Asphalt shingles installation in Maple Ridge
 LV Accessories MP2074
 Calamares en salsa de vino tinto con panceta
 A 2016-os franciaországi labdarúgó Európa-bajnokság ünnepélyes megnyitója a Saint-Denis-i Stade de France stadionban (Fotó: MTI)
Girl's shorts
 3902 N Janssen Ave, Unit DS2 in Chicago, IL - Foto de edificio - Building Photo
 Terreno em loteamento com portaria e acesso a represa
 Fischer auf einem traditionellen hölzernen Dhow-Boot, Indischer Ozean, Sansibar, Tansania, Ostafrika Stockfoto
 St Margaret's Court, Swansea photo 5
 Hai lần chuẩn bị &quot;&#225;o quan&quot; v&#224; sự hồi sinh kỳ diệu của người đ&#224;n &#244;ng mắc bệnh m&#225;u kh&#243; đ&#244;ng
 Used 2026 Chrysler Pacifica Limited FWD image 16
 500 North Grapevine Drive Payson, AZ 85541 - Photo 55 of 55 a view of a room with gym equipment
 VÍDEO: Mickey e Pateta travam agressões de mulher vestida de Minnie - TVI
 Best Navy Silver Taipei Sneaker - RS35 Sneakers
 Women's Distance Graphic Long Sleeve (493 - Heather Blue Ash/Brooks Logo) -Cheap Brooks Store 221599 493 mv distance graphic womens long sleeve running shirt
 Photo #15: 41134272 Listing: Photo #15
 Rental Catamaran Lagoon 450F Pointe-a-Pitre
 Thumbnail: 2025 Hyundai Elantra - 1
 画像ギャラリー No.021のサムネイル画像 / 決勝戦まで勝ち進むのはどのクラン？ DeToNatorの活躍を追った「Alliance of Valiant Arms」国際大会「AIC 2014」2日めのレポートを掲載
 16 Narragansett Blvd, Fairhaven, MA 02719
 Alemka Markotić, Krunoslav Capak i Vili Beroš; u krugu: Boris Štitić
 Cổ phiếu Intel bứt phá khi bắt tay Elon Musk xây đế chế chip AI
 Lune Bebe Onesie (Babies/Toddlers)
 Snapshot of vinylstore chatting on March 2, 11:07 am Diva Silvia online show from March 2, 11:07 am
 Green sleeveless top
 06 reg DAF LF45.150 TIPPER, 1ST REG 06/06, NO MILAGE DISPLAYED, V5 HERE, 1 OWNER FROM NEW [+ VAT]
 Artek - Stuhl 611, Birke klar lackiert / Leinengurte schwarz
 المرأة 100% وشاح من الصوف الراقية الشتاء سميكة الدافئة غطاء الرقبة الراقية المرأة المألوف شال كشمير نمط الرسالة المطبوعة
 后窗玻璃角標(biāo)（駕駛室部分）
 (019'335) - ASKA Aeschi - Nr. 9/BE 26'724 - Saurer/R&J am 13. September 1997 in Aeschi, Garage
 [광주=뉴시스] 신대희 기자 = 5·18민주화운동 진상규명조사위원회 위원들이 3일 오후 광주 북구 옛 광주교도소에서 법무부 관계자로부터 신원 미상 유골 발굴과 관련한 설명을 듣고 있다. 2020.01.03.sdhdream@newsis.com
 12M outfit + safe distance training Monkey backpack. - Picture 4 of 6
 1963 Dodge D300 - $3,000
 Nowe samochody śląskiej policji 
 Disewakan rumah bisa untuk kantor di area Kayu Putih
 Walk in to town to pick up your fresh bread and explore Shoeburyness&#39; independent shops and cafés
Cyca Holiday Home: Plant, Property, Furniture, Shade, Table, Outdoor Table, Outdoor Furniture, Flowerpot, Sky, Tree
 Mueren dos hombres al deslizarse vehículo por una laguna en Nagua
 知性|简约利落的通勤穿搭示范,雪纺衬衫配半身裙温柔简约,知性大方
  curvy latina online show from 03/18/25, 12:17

• **TO DO**:
Copy each line of the listing above that contains the word "show".

• **FINISHED EXERCISE**:
 Snapshot of vinylstore chatting on March 2, 11:07 am Diva Silvia online show from March 2, 11:07 am
  curvy latina online show from 03/18/25, 12:17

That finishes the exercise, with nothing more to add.